Musim ini terasa sedikit disingkat dari musim pertama animasi aslinya, tetapi tidak banyak. Salah satunya adalah, dengan durasi sekitar satu jam, masing-masing dari delapan episode memiliki durasi dua kali lipat dari sebuah episode animasi. Tapi itu juga menggabungkan cerita dan bahkan menyatukan elemen-elemen acquainted dengan cara yang tidak terduga. Hasilnya adalah musim yang mengalir seperti satu cerita yang berkesinambungan, tanpa tamasya satu kali atau episode botol. Ditambah lagi, adaptasi ini sedikit menambahkan elemen baru pada latar belakang karakter tertentu dengan cara yang sesuai dengan materi yang ada namun menambahkan lapisan dan nuansa baru pada peristiwa.
Namun, mungkin yang paling penting adalah adaptasi live-action ini berhasil menerapkan satu elemen yang tidak dapat diabaikan: kinetikisme adegan pertarungan. Pada titik ini, sangat sulit untuk tidak memikirkan kembali adaptasi Shyamalan, di mana pertarungan sering kali kaku dan kaku. Salah satu elemen paling ikonik dari seri Avatar adalah bagaimana berbagai bentuk pembengkokan, semuanya terinspirasi oleh seni bela diri di kehidupan nyata, menggabungkan gerakan dan manipulasi elemen menjadi satu aksi halus yang terlihat dapat dipercaya dan fantastis. Versi live-action ini menangkap hal tersebut dengan indah, dengan beragam koreografi pertarungan yang mengekspresikan keunikan dan kelancaran setiap bentuk tekukan, dan sebagian besar pengambilan gambar lebar yang memungkinkan Anda mengapresiasi gerakan elegan seni bela diri. Menyaksikan para pemain beradu satu sama lain, atau kadang-kadang, melawan lawan terampil yang tidak memiliki kekuatan menekuk sama sekali, adalah pengalaman yang sangat menyenangkan.

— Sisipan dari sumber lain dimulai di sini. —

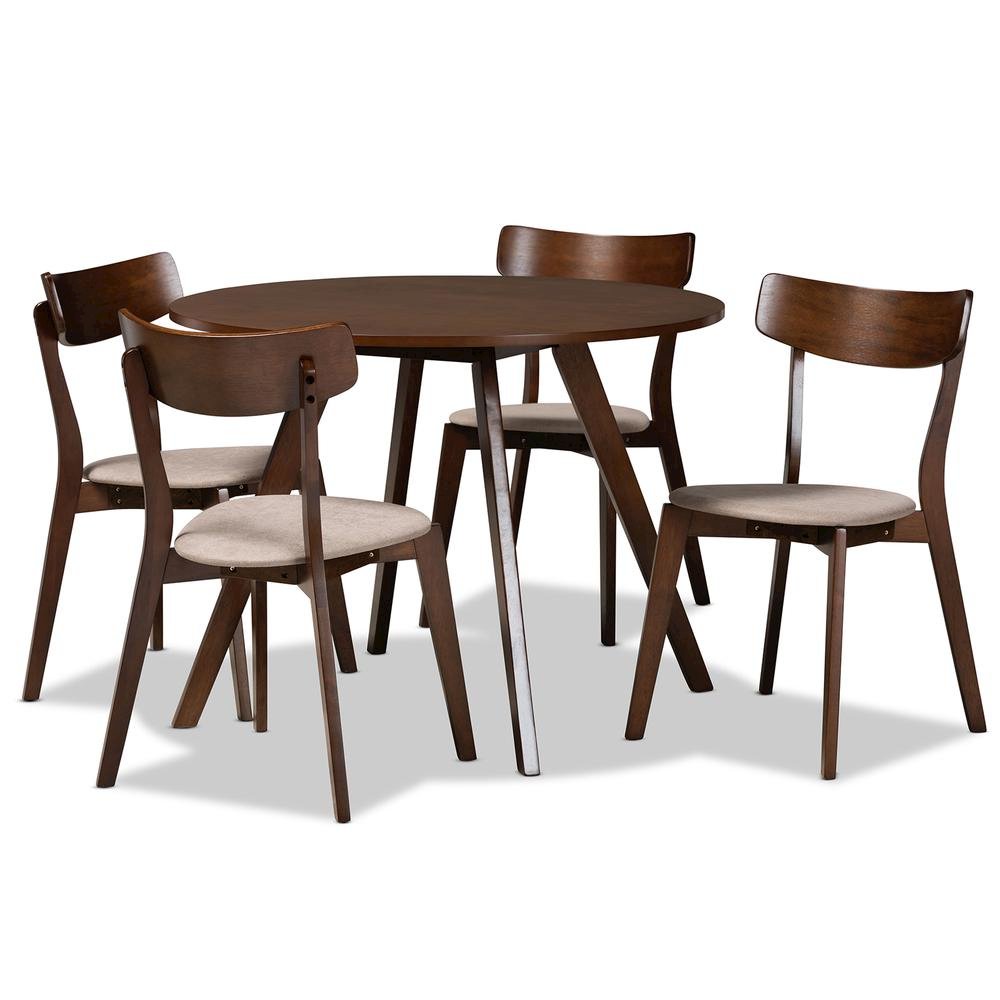Walnut Brown Finished Wood 5-Piece Dining Set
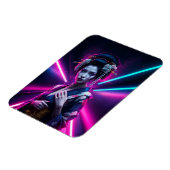 Geisha with Neon Background – Fridge Magnet Art マグネット (左側)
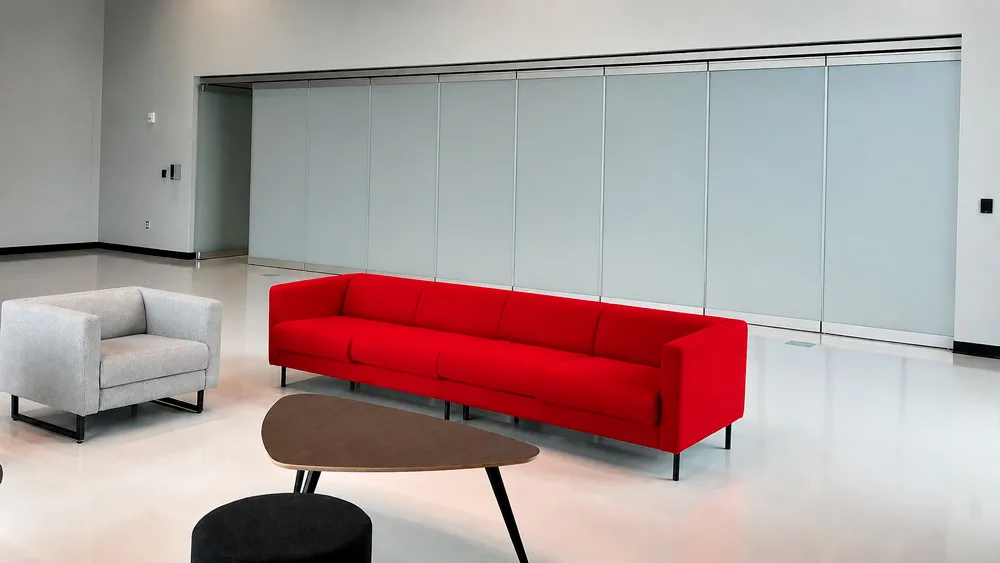 Office lobby wall with PriWatt smart glass in privacy mode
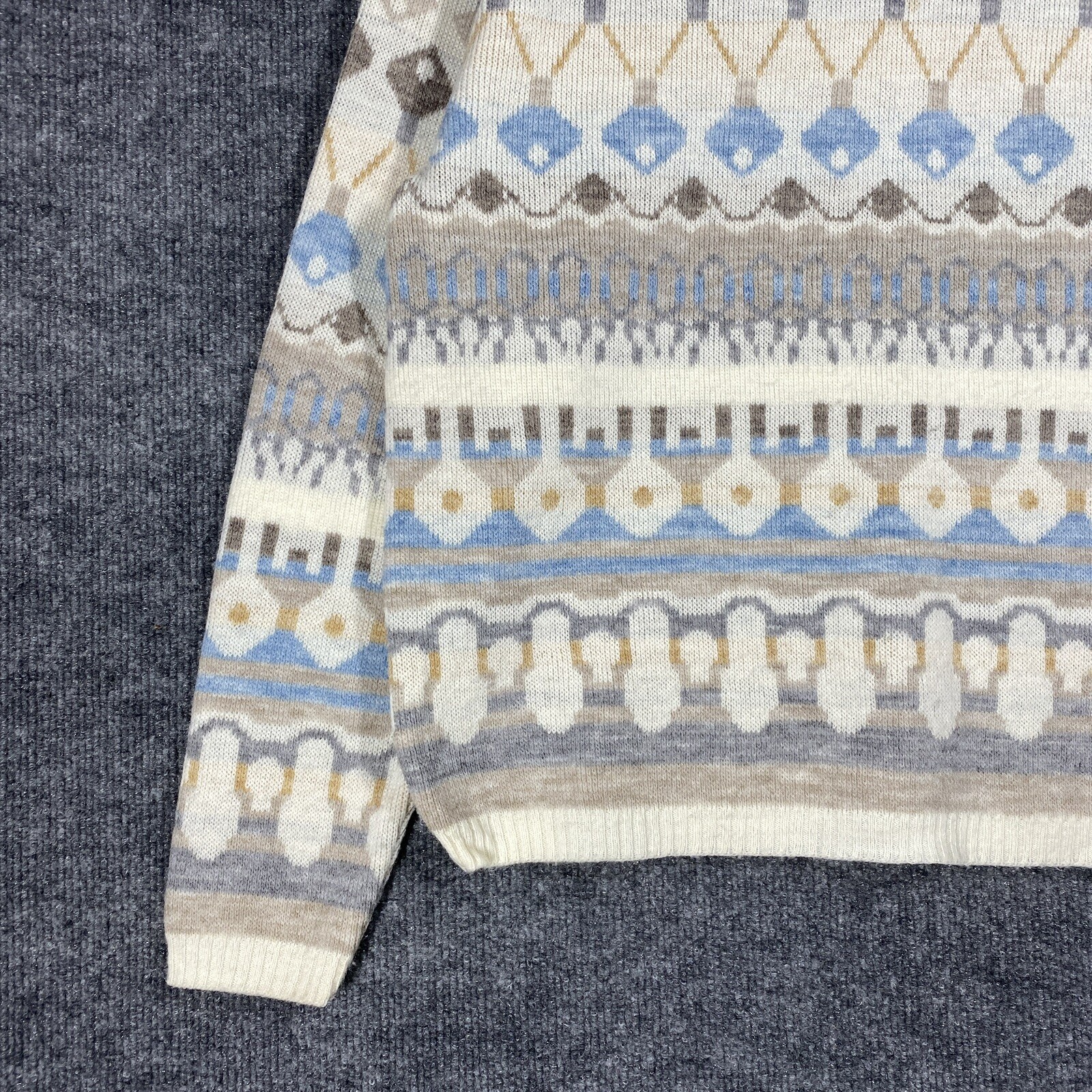 VINTAGE 60s Jersild Fair Isle Crewneck Sweater Women Size Large Nordic Acrylic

Semuanya mencapai klimaks yang terasa agak melodramatis dalam banyak hal yang sama seperti akhir musim pertama dari serial animasi tersebut, meskipun sedikit lebih diperoleh dengan meletakkan beberapa landasan penting di awal musim. Dan seperti aslinya, movie ini sebagian bergantung pada subplot kisah cinta yang terasa terlalu terburu-buru untuk menjadi bermakna seperti yang dimaksudkan. Namun saya senang mengetahui bahwa Avatar: Pengendali Udara Terakhir juga memikat hati acara tersebut, dengan karakter-karakter yang bergulat dengan ide-ide seperti patriarki, trauma generasi, pasifisme, dan kekuatan hubungan antarmanusia. Bagian akhir membawa beberapa hubungan dan cerita ke kesimpulan yang memuaskan, sekaligus menyiapkan panggung untuk apa yang akan terjadi selanjutnya. Melawan segala rintangan, saya tidak sabar menunggu.